### Information

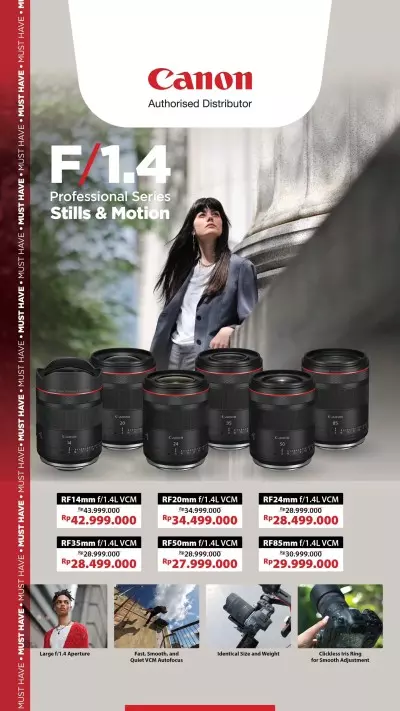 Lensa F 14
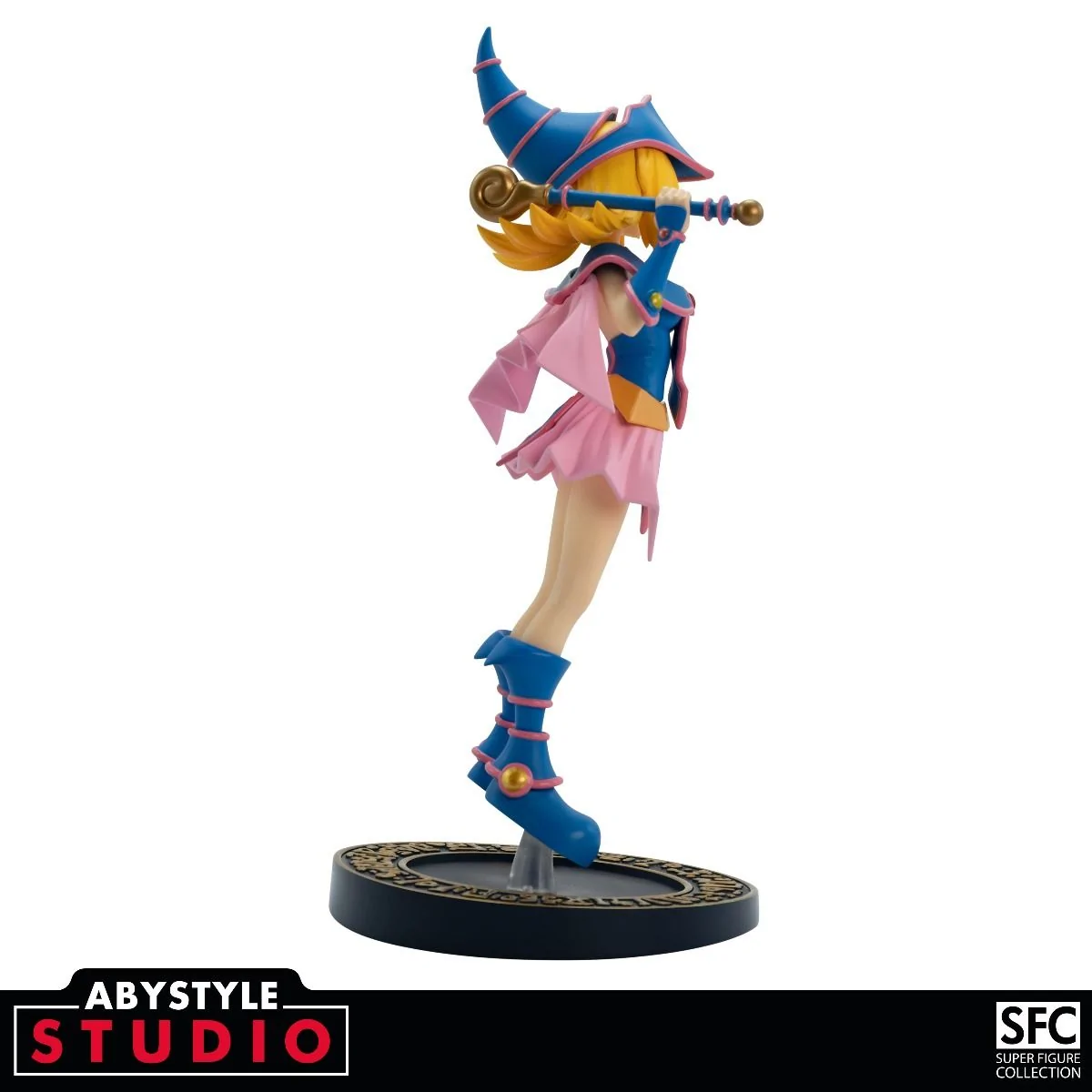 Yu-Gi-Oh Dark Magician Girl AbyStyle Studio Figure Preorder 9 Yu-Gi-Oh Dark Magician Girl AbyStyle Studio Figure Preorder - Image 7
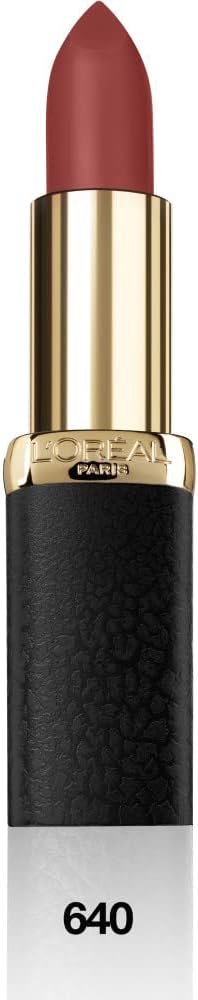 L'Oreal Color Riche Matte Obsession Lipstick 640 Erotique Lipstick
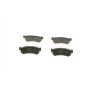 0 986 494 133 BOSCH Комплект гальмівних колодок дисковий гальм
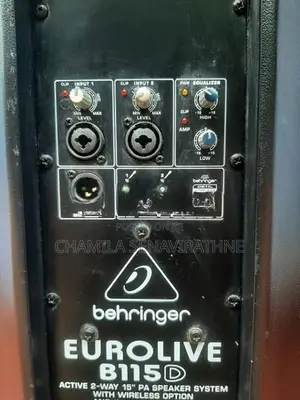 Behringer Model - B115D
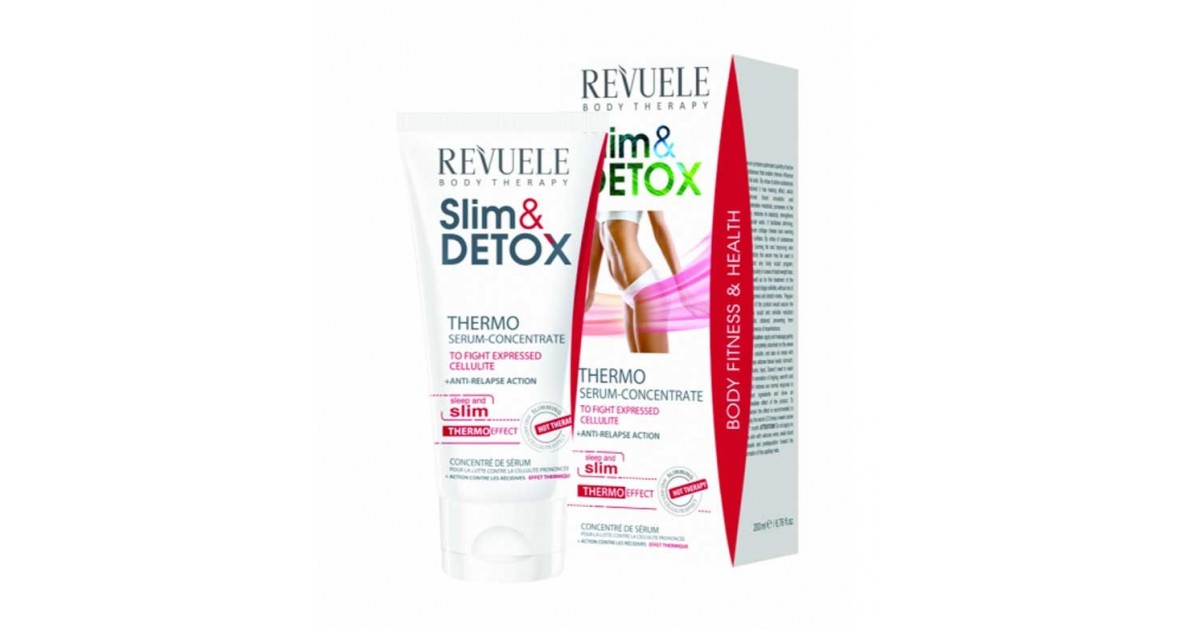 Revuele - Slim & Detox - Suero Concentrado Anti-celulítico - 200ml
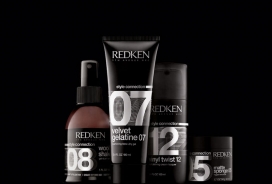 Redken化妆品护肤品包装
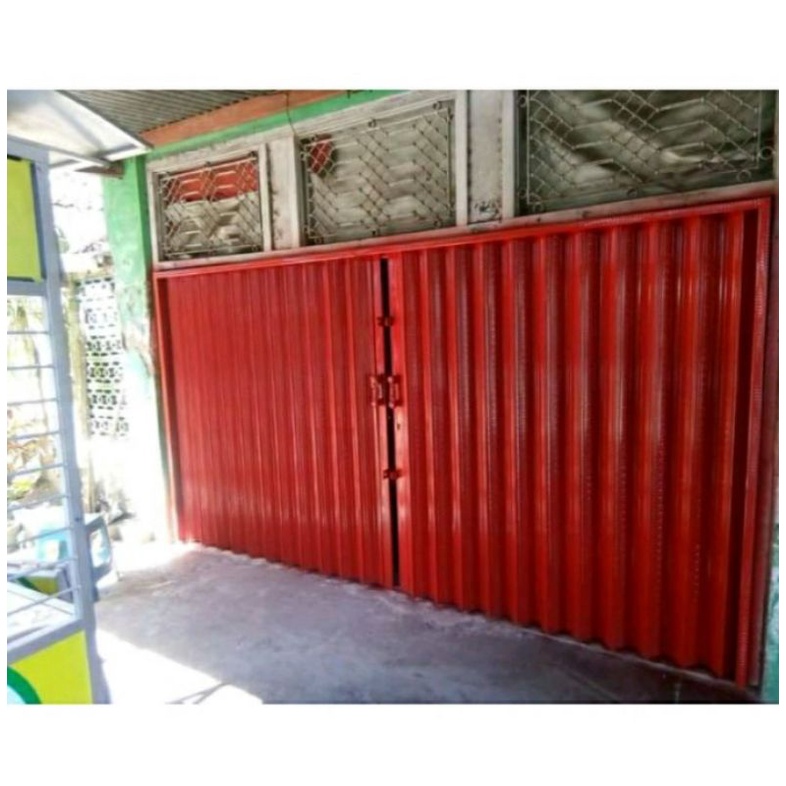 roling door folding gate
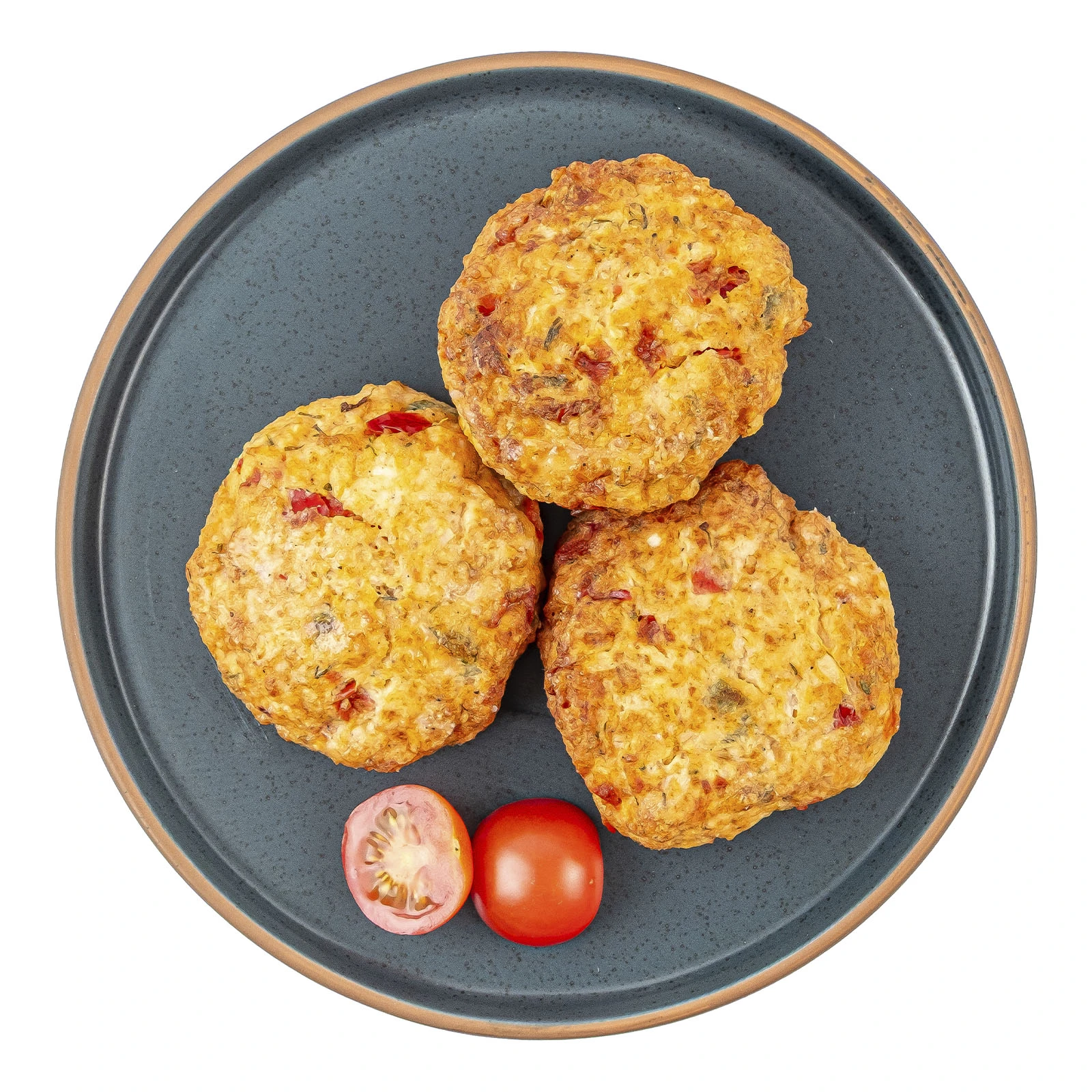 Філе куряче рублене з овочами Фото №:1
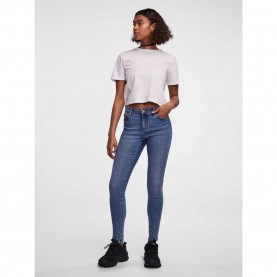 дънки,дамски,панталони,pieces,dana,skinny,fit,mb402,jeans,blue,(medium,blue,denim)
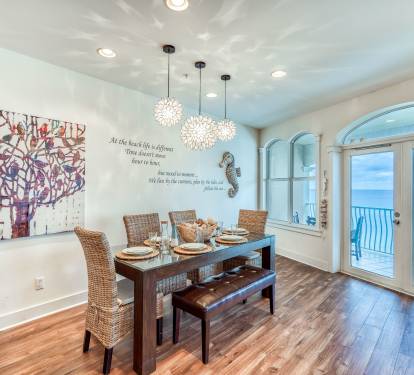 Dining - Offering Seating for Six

### Assignment
Repeat every entry exactly, but leave out the pictures.

### Result of this exercise
 Lensa F 14
 Yu-Gi-Oh Dark Magician Girl AbyStyle Studio Figure Preorder 9 Yu-Gi-Oh Dark Magician Girl AbyStyle Studio Figure Preorder - Image 7
 L'Oreal Color Riche Matte Obsession Lipstick 640 Erotique Lipstick
 0 986 494 133 BOSCH Комплект гальмівних колодок дисковий гальм
 Behringer Model - B115D
 Revuele - Slim & Detox - Suero Concentrado Anti-celulítico - 200ml
 Redken化妆品护肤品包装
 roling door folding gate
 Філе куряче рублене з овочами Фото №:1
 дънки,дамски,панталони,pieces,dana,skinny,fit,mb402,jeans,blue,(medium,blue,denim)
 Dining - Offering Seating for Six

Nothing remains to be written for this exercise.